--- BRIEF ---
In the listing below, repeat exactly every line from the first through the line containing "Velvet Bow Hair Clip", with nothing else.

--- EXCERPTED RECORDS ---
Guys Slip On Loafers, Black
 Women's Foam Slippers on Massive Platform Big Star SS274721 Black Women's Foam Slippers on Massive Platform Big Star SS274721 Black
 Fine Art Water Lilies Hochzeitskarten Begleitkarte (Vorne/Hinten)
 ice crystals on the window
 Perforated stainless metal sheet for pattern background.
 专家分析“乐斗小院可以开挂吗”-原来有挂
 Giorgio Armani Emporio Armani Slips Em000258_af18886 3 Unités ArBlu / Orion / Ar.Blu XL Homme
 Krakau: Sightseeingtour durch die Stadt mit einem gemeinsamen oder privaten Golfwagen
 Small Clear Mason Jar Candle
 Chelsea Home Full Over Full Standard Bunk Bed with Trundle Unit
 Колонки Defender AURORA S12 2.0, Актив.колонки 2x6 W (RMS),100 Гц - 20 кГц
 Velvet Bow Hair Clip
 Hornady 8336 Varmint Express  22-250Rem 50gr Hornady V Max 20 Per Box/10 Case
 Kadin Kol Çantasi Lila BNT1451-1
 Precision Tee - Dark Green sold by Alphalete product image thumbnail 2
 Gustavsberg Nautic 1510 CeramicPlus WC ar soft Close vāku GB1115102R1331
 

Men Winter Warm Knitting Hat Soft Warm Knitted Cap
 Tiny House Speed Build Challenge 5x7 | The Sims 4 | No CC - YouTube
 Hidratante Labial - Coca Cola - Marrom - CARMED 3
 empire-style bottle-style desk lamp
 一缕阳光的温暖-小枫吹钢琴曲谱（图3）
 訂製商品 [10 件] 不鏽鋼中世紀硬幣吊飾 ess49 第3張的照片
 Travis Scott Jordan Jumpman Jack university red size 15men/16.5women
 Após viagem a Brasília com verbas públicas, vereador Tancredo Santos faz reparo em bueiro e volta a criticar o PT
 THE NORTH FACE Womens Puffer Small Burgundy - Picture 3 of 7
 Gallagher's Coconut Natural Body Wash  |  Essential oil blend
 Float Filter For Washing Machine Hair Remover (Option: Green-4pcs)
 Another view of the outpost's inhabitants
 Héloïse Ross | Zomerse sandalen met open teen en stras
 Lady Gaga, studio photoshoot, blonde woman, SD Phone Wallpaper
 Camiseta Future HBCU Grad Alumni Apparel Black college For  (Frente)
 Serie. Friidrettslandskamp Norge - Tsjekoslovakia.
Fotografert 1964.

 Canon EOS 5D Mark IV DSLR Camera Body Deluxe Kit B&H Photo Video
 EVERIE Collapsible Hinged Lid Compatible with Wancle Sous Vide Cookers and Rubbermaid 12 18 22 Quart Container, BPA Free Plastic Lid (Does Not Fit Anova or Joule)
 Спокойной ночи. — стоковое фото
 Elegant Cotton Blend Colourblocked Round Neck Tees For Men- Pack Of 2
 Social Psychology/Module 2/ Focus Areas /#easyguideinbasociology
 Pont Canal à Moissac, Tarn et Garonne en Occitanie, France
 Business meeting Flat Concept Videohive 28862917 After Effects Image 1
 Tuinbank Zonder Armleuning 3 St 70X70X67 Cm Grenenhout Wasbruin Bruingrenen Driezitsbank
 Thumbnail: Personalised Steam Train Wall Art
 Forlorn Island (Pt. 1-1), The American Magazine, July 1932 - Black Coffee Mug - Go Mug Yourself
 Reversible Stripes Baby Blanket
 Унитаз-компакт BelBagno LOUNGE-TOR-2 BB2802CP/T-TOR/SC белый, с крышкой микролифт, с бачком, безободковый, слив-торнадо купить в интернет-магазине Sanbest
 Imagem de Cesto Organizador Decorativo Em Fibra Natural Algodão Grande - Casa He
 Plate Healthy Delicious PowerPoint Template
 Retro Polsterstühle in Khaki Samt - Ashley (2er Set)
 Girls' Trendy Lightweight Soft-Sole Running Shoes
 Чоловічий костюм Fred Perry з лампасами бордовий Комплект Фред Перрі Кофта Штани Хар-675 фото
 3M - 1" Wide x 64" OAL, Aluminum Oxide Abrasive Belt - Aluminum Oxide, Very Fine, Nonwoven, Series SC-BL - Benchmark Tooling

--- SOLUTION FOR THIS EXERCISE ---
Guys Slip On Loafers, Black
 Women's Foam Slippers on Massive Platform Big Star SS274721 Black Women's Foam Slippers on Massive Platform Big Star SS274721 Black
 Fine Art Water Lilies Hochzeitskarten Begleitkarte (Vorne/Hinten)
 ice crystals on the window
 Perforated stainless metal sheet for pattern background.
 专家分析“乐斗小院可以开挂吗”-原来有挂
 Giorgio Armani Emporio Armani Slips Em000258_af18886 3 Unités ArBlu / Orion / Ar.Blu XL Homme
 Krakau: Sightseeingtour durch die Stadt mit einem gemeinsamen oder privaten Golfwagen
 Small Clear Mason Jar Candle
 Chelsea Home Full Over Full Standard Bunk Bed with Trundle Unit
 Колонки Defender AURORA S12 2.0, Актив.колонки 2x6 W (RMS),100 Гц - 20 кГц
 Velvet Bow Hair Clip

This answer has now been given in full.